P/1 – Obrigado por ter aceitado o convite! E acrescentou muito. Você falou de burro, mas não. Na verdade, a sabedoria é trazida com você. E graças a isso, à sua sabedoria, hoje nós podemos nos alimentar dela. Então você é uma pessoa muito inteligente, além de simpática, uma pessoa muito simpática, uma pessoa muito agradável de se conversar também e tem, sim, muito que nos ensinar ainda. Gratidão.
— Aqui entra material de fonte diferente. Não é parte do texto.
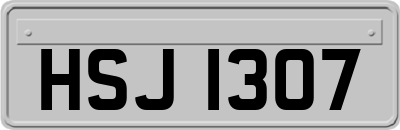 HSJ1307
R – Enquanto ‘alguém lá em cima’ der saúde e felicidade, ______. Agora, depende do ‘homem lá em cima’.
P/1 – Está certo.
R – Porque sabe que nós não mandamos nada.
P/2 – É.
R – Que nem o caso de um colega meu chamado Geraldo, trabalhava pro ______ Dias, fazendeiro que tem da usina, ele falou: “Geraldo, está vendo todo esse canavial aqui? É meu. Todo esse gado é meu. Todos esses empregados que estão cortando cana, são meus”. Geraldo falou: “Pode ser, na escritura, mas tem um dono viu?” “Quem é?” “Lá em cima, lá. Se Aquele te chamar, você larga tudo aí e só vai ter briga pra filharada”. Não deu outra: o velho morreu, perderam tudo.
P/1 – Nossa!
R – A turma do Dias. Você lembra do dia que estavam aí?
P/1 – Hum-hum.
R – Venderam a usina, hoje trabalham todos de empregados. Venderam tudo que eles tinham. Eram milionários, perderam tudo. O dinheiro é bom, mas é amaldiçoado, sabe? Ele vem e volta.
P/2 – Hum-hum.
P/1 – Queria agradecer ao Museu da Pessoa; a você, Luiza; e a você, Alisson. Gratidão!
P/3 – Obrigado!
P/2 – Obrigada você, que conduziu tão bem!